(Caption-style text data)
::::
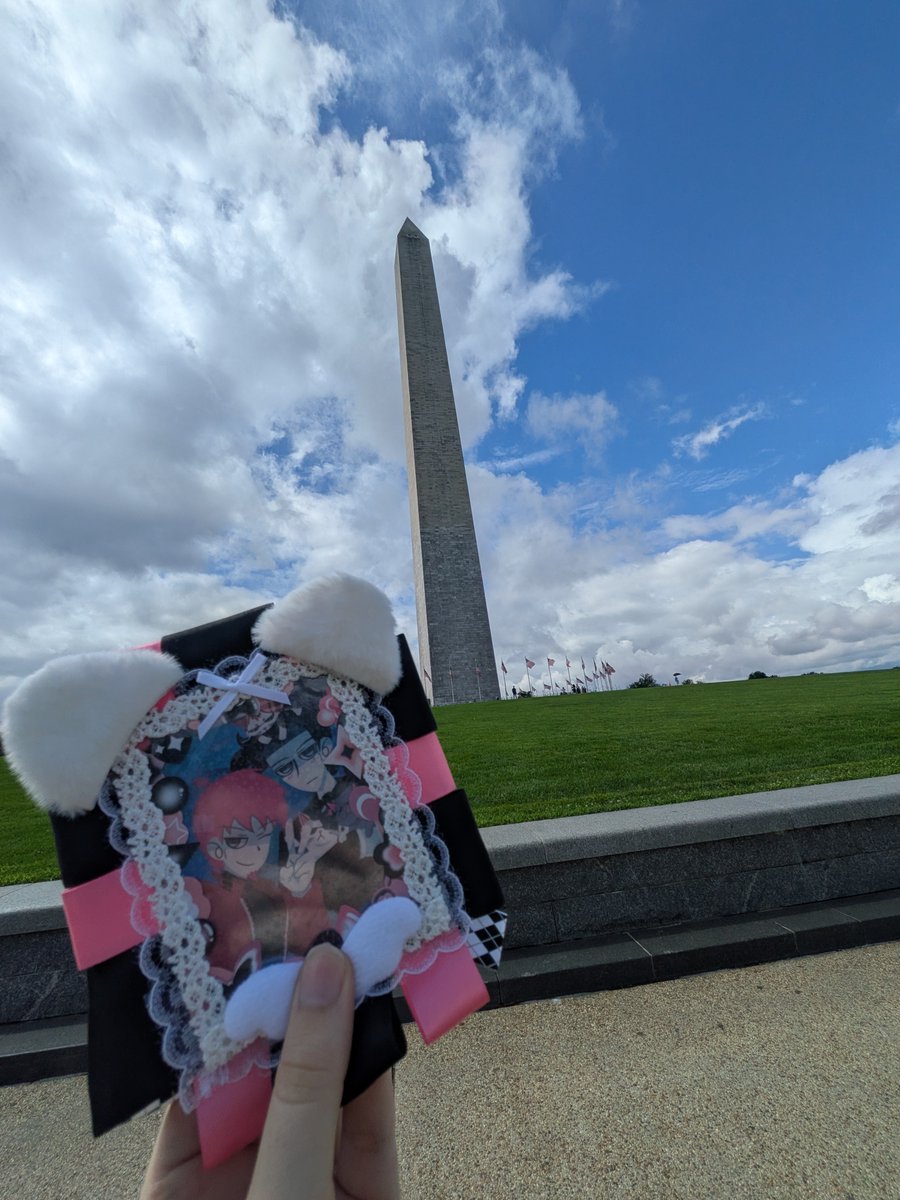 APPLEUNlON's tweet photo. first person ever to take a blakeworth photo card to the washington monument https://t.co/4ddpodFbVQ
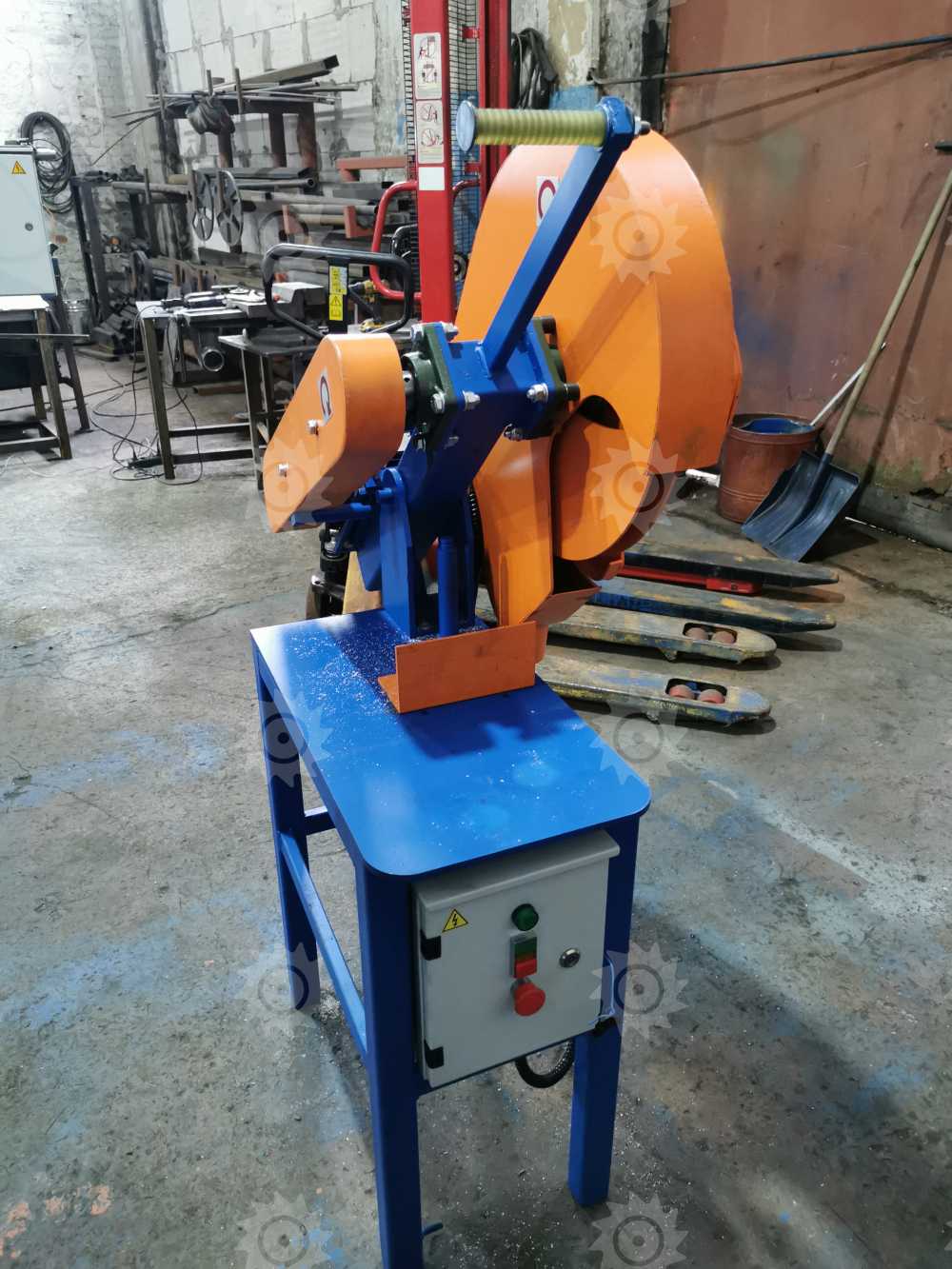 Маятниковый торцовочый станок МТС-450 с закрытой пилой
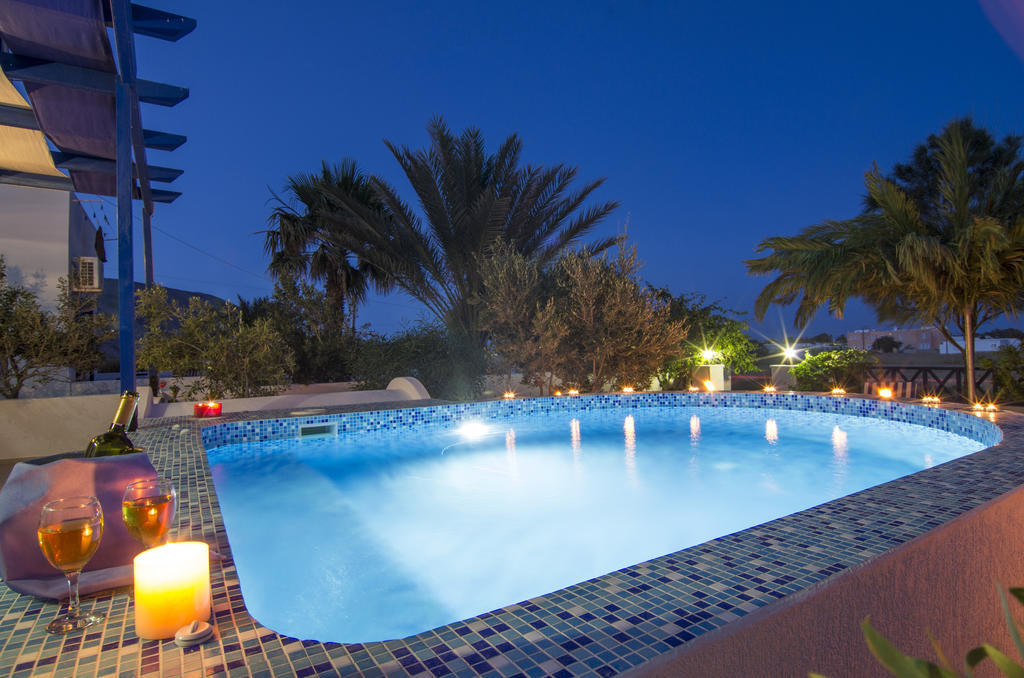 White & Blue Apartment Perivolos  Phòng bức ảnh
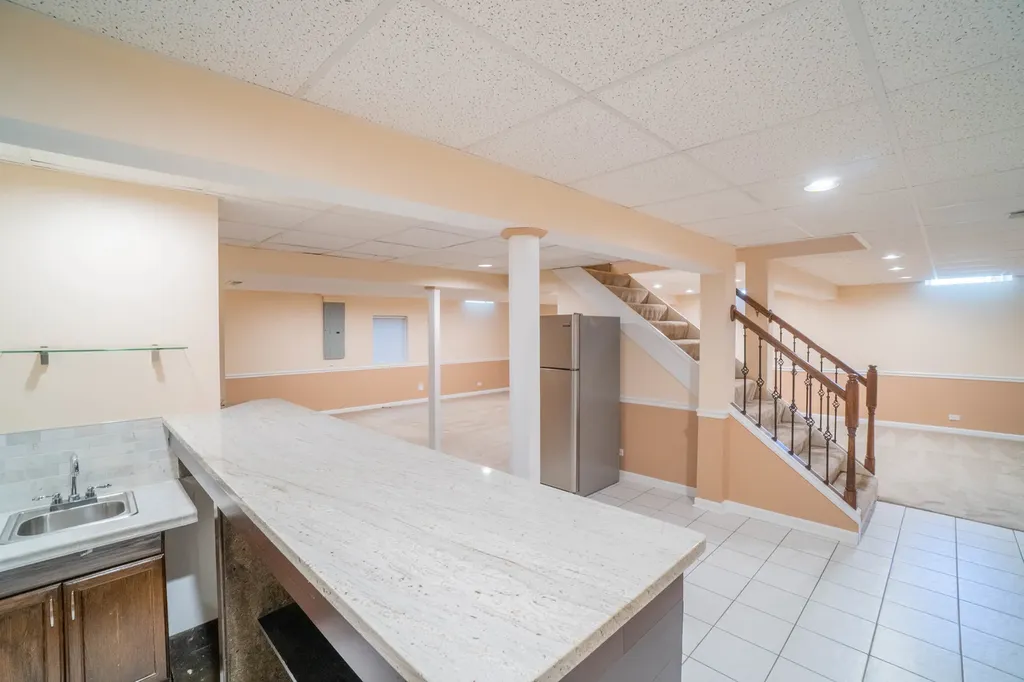 465 Thacker Court Schaumburg IL 60173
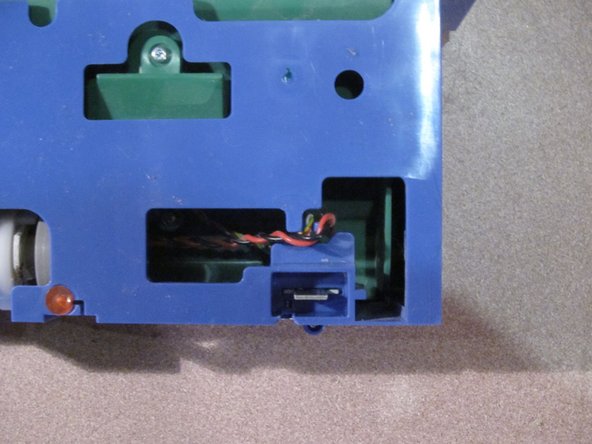 How to disassemble and clean your Roomba 560: шаг 31, изображение 3 из 3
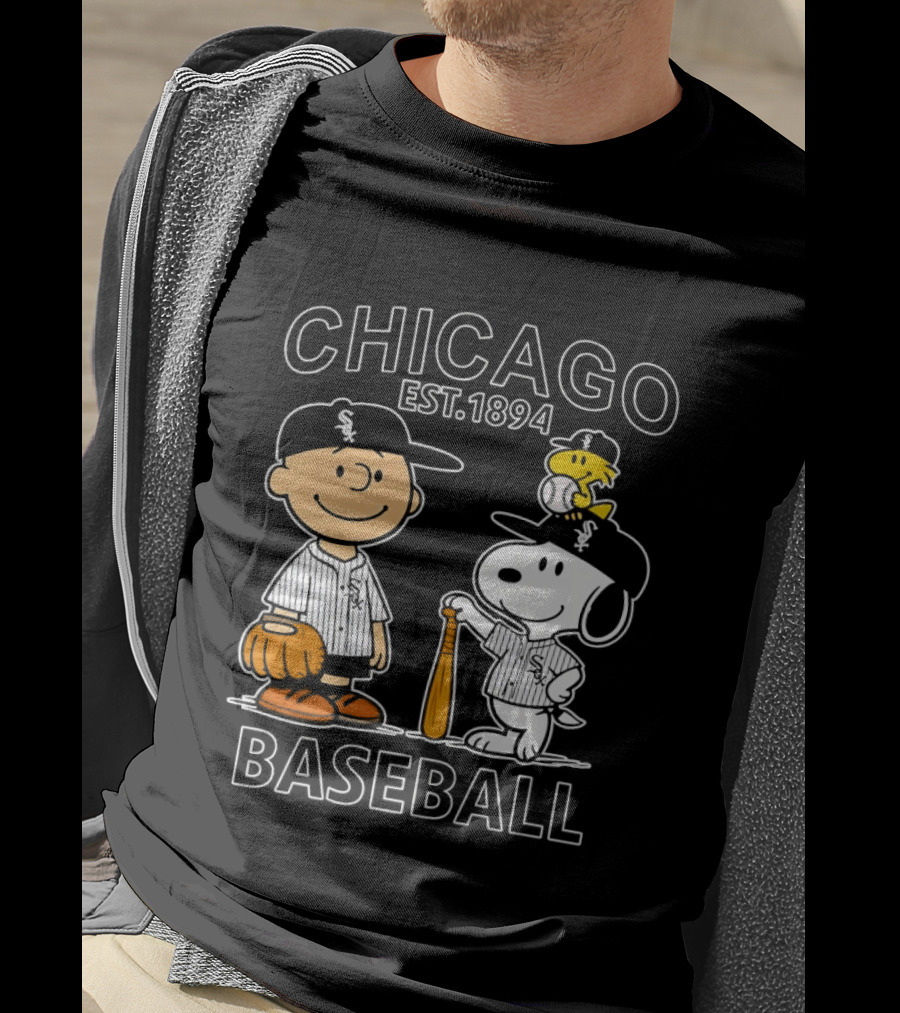 Chicago White Sox Baseball Snoopy Charlie Brown Peanuts Est 1894 T-Shirt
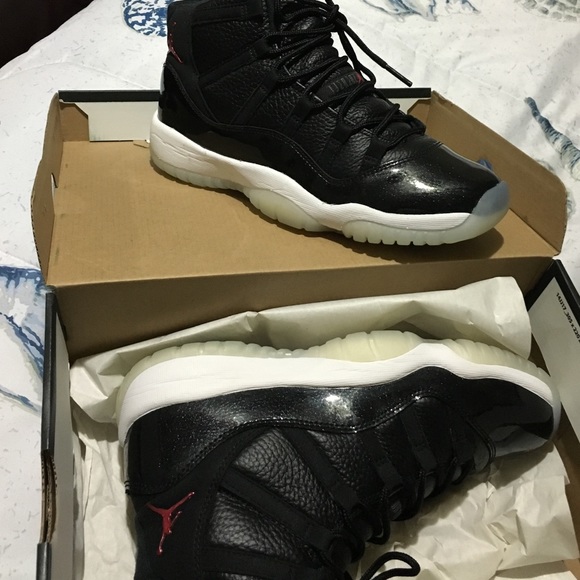Air Jordan's 11 retro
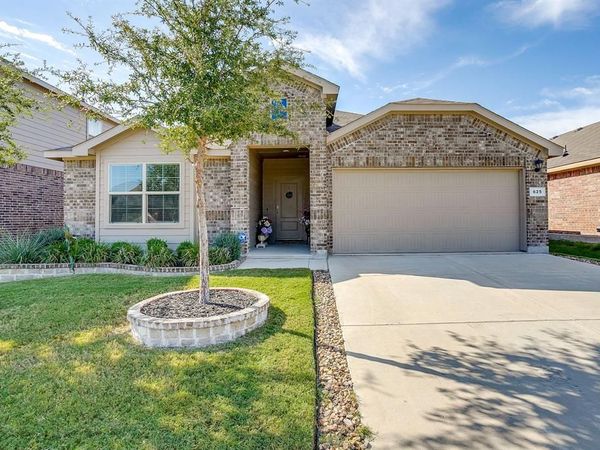 625 Basteen Lane , Justin, TX 76247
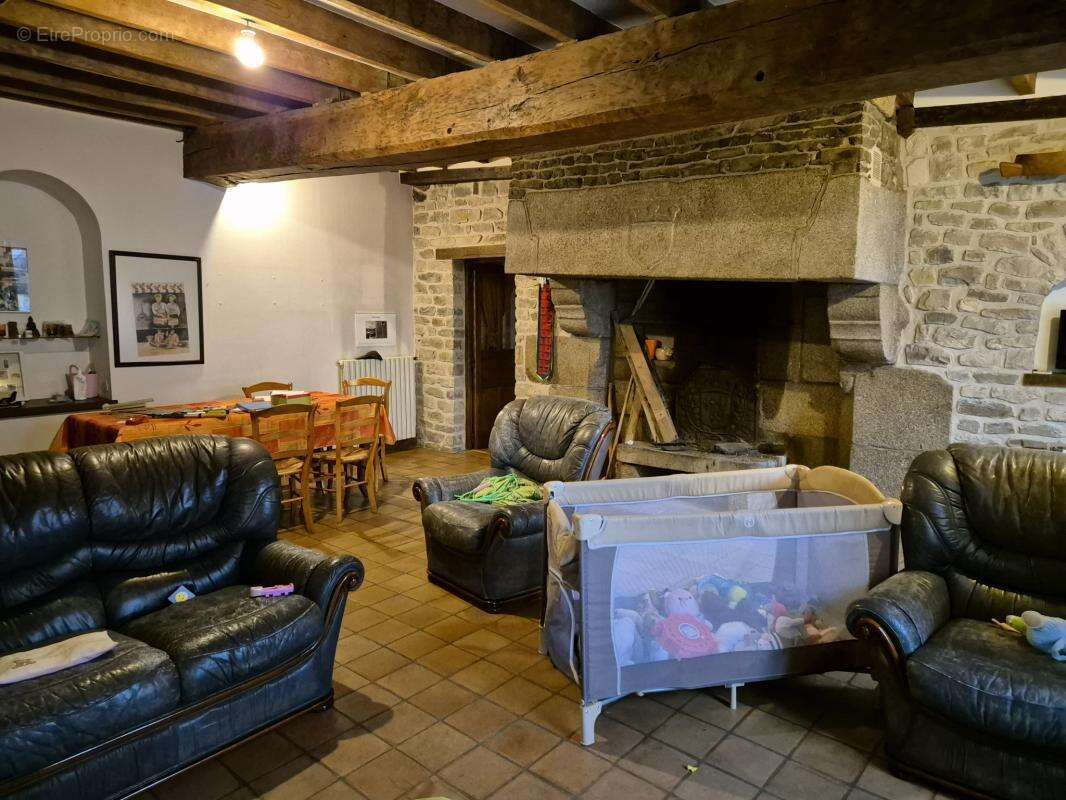 Maison en pierres à rénover 4 chambres, jardin, garage et dé - photo 2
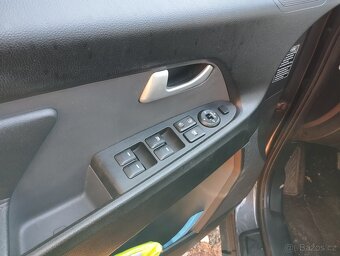 Kia Sportage r.v.2011 , 1995 ccm ,diesel, AWD ,manuál. - 13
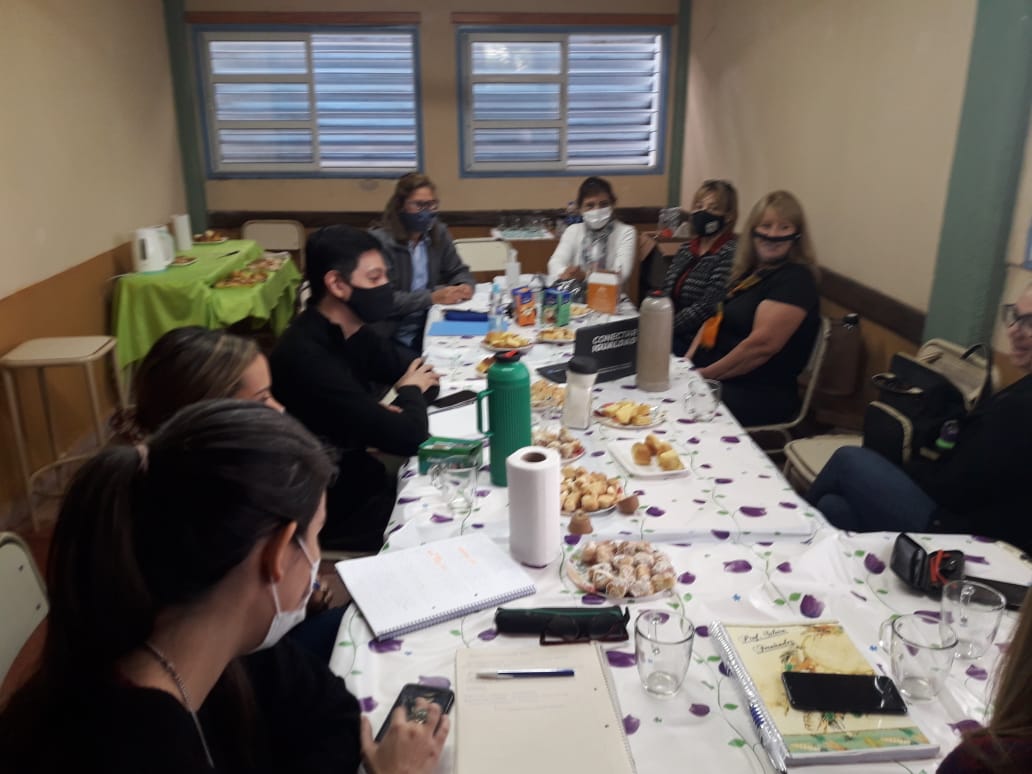 EscurdiaViviana's tweet photo. Supervisores Región I y VIII en territorio Bop 1, Bop 8, Bop 33 y CEP 17! Equipazo DiSeM, cerca de los colegas! @BarbaroLorena @DorisGo33466942 @grillo141 @fabianchilipank @Marcos42866602 @herrerayflia @cjdechat @laurapenacca @CGEMisiones @educ_sigloXXI @ArtuiMabel @FlaviaPao https://t.co/LWhLLa9MXz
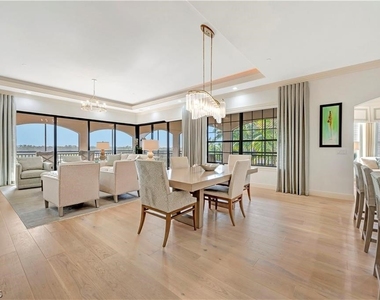2542 Marquesa Royale Lane - Photo Thumbnail 19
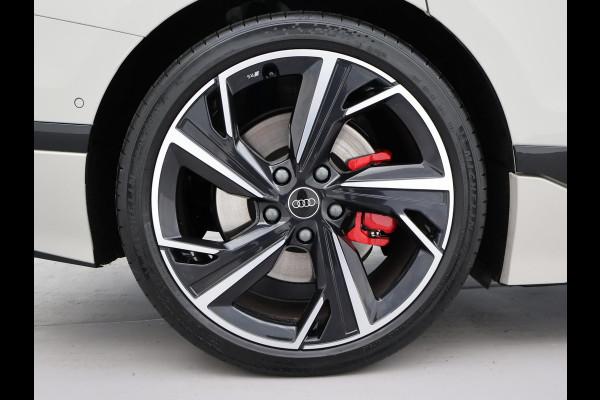 Audi A6 E-TRON S EDITION PERFORMANCE 100 kWh + PANORAMA | 21 INCH | LUCHTVERING | BIJRIJDER DISPLAY | TECH PRO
::::
* What the exercise asks: What is needed is an exact printout of every record above, with the pictures left out.

* Exercise answer:
 APPLEUNlON's tweet photo. first person ever to take a blakeworth photo card to the washington monument https://t.co/4ddpodFbVQ
 Маятниковый торцовочый станок МТС-450 с закрытой пилой
 White & Blue Apartment Perivolos  Phòng bức ảnh
 465 Thacker Court Schaumburg IL 60173
 How to disassemble and clean your Roomba 560: шаг 31, изображение 3 из 3
 Chicago White Sox Baseball Snoopy Charlie Brown Peanuts Est 1894 T-Shirt
Air Jordan's 11 retro
 625 Basteen Lane , Justin, TX 76247
 Maison en pierres à rénover 4 chambres, jardin, garage et dé - photo 2
 Kia Sportage r.v.2011 , 1995 ccm ,diesel, AWD ,manuál. - 13
 EscurdiaViviana's tweet photo. Supervisores Región I y VIII en territorio Bop 1, Bop 8, Bop 33 y CEP 17! Equipazo DiSeM, cerca de los colegas! @BarbaroLorena @DorisGo33466942 @grillo141 @fabianchilipank @Marcos42866602 @herrerayflia @cjdechat @laurapenacca @CGEMisiones @educ_sigloXXI @ArtuiMabel @FlaviaPao https://t.co/LWhLLa9MXz
2542 Marquesa Royale Lane - Photo Thumbnail 19
 Audi A6 E-TRON S EDITION PERFORMANCE 100 kWh + PANORAMA | 21 INCH | LUCHTVERING | BIJRIJDER DISPLAY | TECH PRO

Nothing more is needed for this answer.